A ameaça de fechamento do Estreito de Ormuz por parte do Irã é antiga, mas sua viabilidade operacional depende de capacidades técnicas específicas e do contexto geoestratégico vigente. Ainda que o bloqueio total do estreito seja improvável e arriscado, o Irã detém um conjunto de instrumentos militares e táticos que podem comprometer seriamente o tráfego marítimo e provocar efeitos significativos, ainda que de forma temporária ou localizada.

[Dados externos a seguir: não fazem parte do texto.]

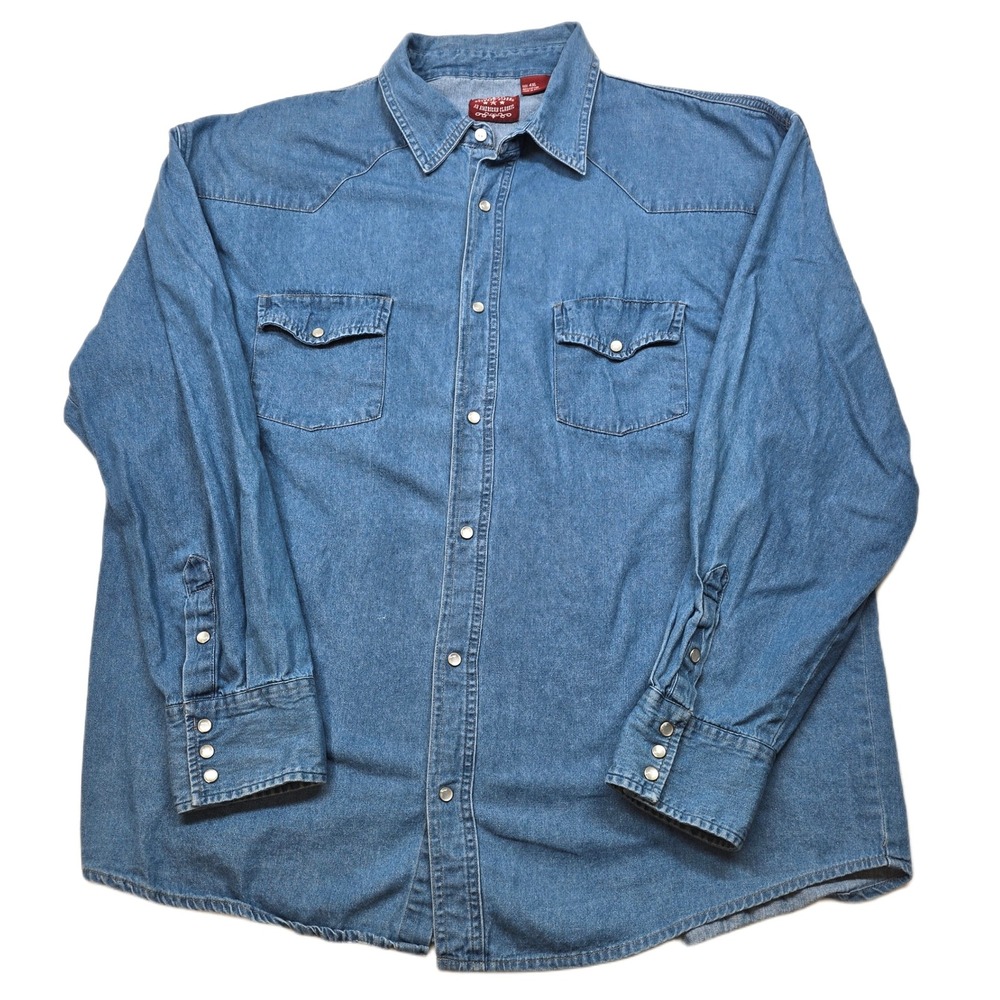 Outback Rider Denim Western Shirt Mens 4XL Blue Vtg 90's Y2K‎ Pearl Snap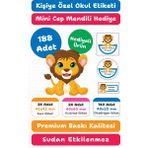 188 Adet Aslan Temalı Kişiye Özel Okul Etiketi | Kalem Defter Kitap Için Isim Yazılabilir Sticker Seti Model:12 - Beyaz
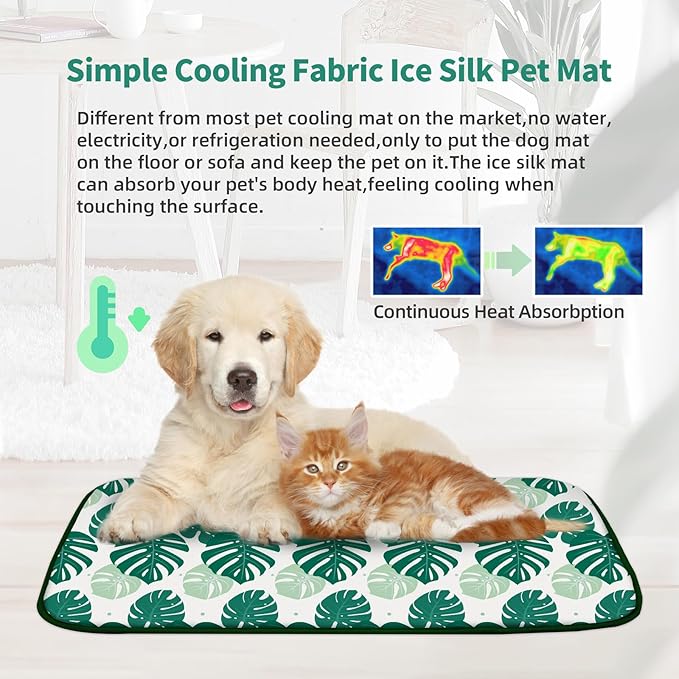 NWK Pack of 4 Pet Cooling Mat for Large Dogs -Q-Max>0.345 Ice Silk Cooling Mat for Dogs & Cats Portable & Washable Pet Cooling Blanket for Summer (4pcs, Green Leaf, 39'' X 27'' X 0.3'')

O estreito possui apenas 33 quilômetros de largura em seu ponto mais estreito, com corredores de navegação de apenas 3 km em cada sentido. Isso o torna altamente vulnerável a interferências, acidentes ou ações hostis. Segundo o International Institute for Strategic Studies (IISS), o Irã dispõe de um aparato de guerra naval assimétrica, com destaque para:

  • Minas marítimas de contato e detecção magnética (como a EM-52 de origem chinesa), capazes de danificar ou afundar grandes embarcações;
  • Submarinos de pequeno porte da classe Ghadir e três submarinos russos da classe Kilo, silenciosos e aptos à minagem clandestina;
  • Lanchas rápidas de ataque do Corpo da Guarda Revolucionária Islâmica (IRGC), armadas com mísseis leves e capazes de realizar ataques relâmpago a petroleiros;
  • Mísseis costeiros antinavio, com alcance suficiente para atingir embarcações em trânsito nos corredores principais;
  • Veículos aéreos não tripulados (drones) e aeronaves de reconhecimento, utilizados tanto para vigilância quanto para operações ofensivas pontuais.

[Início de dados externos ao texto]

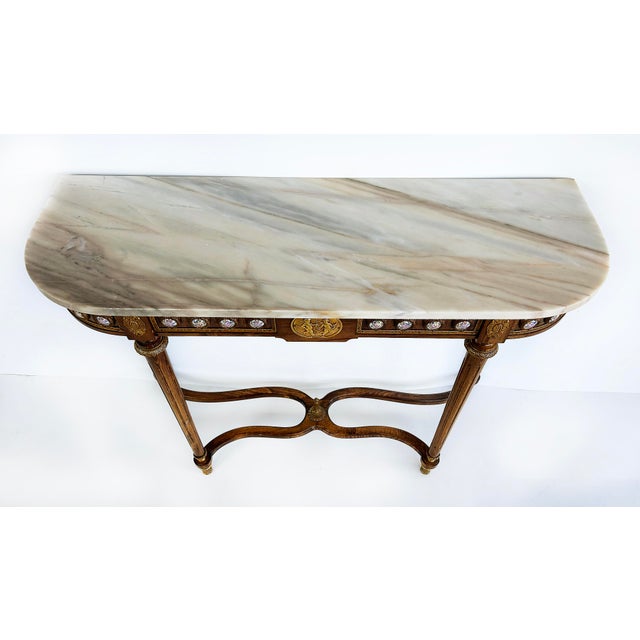 1970s Louis XVI Marble Top Console Table, Gilt Bronze, Porcelain Hand-Painted Plaques For Sale - Image 4 of 14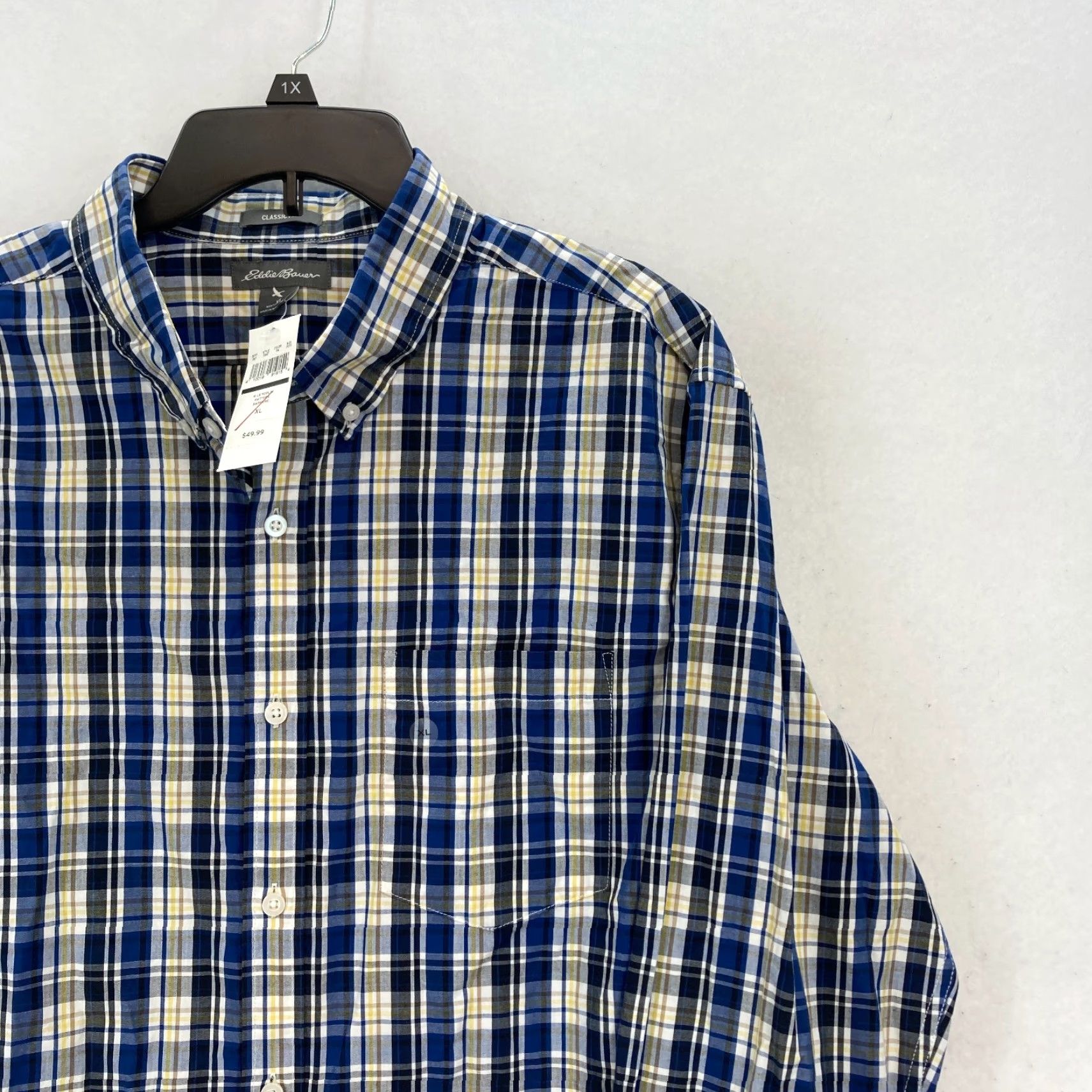 Eddie Bauer Eddie Bauer Shirt Mens XL Button-Down Long Sleeve Shirt Blue Plaid Outdoor Camp Size US XL / EU 56 / 4 - 2 Thumbnail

Apesar desse arsenal, um bloqueio completo do estreito exigiria uma ação coordenada, veloz e de alta complexidade técnica, além de se sustentar sob o risco de uma retaliação militar avassaladora. Especialistas apontam que a colocação de minas exige tempo e discrição, e que qualquer movimento detectado pelas frotas norte-americanas ou aliadas seria rapidamente neutralizado.

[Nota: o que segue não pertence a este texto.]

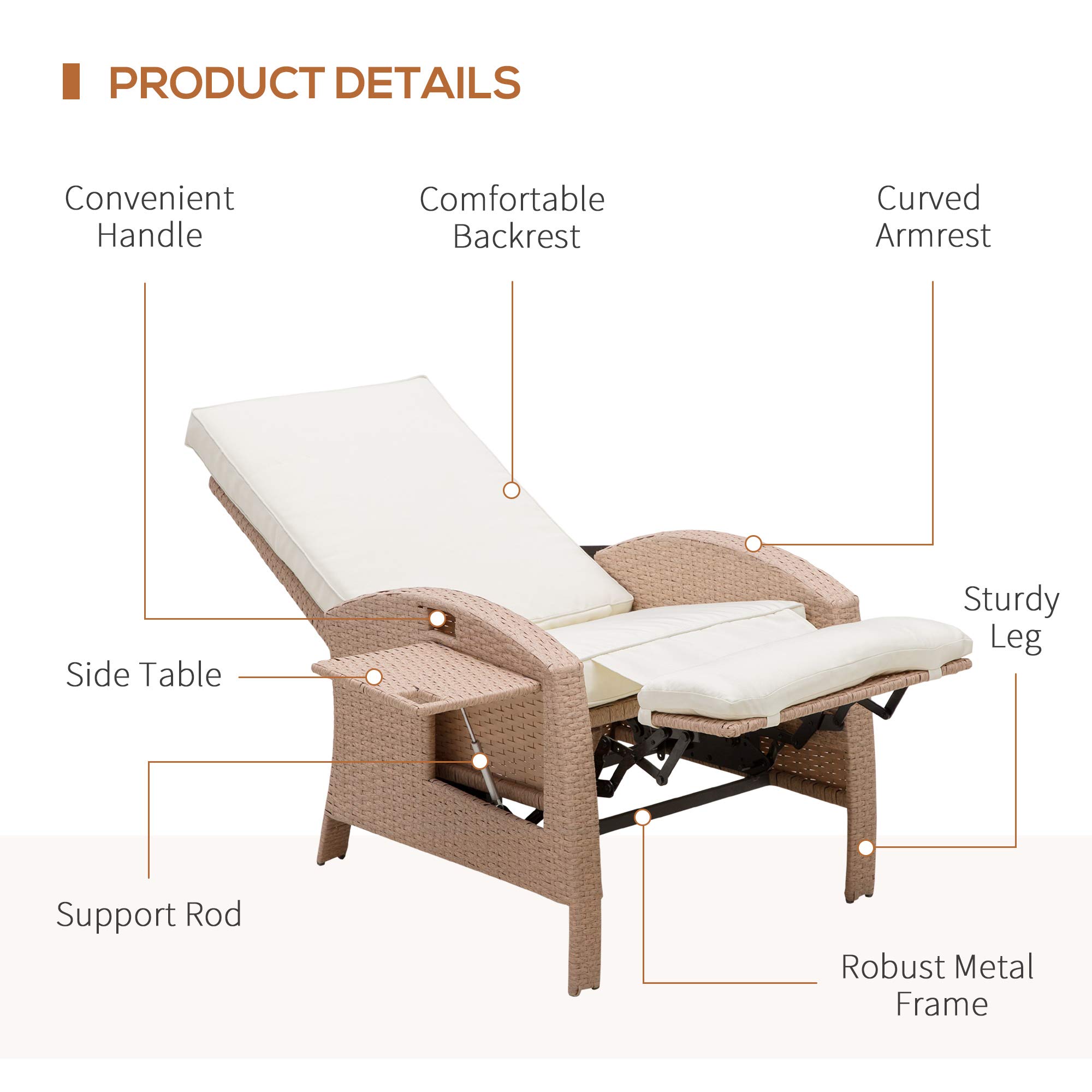 Outsunny Patio Recliner - Outdoor Reclining Lounge Chair with Adjustable Backrest, Flip-Up Side Table & Footrest - All-Weather Wicker Metal Frame Chaise Lounge with Cushions (Beige) - Perfect for Poolside, Backyard, Garden & Patio Relaxation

Além disso, a remoção de minas em ambiente hostil é extremamente difícil e demorada. Durante a Guerra do Golfo de 1991, duas embarcações da Marinha dos EUA — o USS Tripoli e o USS Princeton — foram severamente danificadas por minas em circunstâncias similares. Desde então, os Estados Unidos mantêm capacidades significativas de guerra de minas e patrulhamento contínuo na região, especialmente por meio da sua Quinta Frota.

Nesse sentido, é mais provável que o Irã opte por estratégias de disrupção parcial e temporária, como o assédio pontual a embarcações comerciais ou militares, ataques a navios específicos ou ameaças veladas de minagem. Essa abordagem permite que o país aumente a tensão internacional, eleve os custos do seguro e do transporte marítimo e provoque aumento dos preços do petróleosem necessariamente escalar o conflito para um enfrentamento militar direto e de alto custo.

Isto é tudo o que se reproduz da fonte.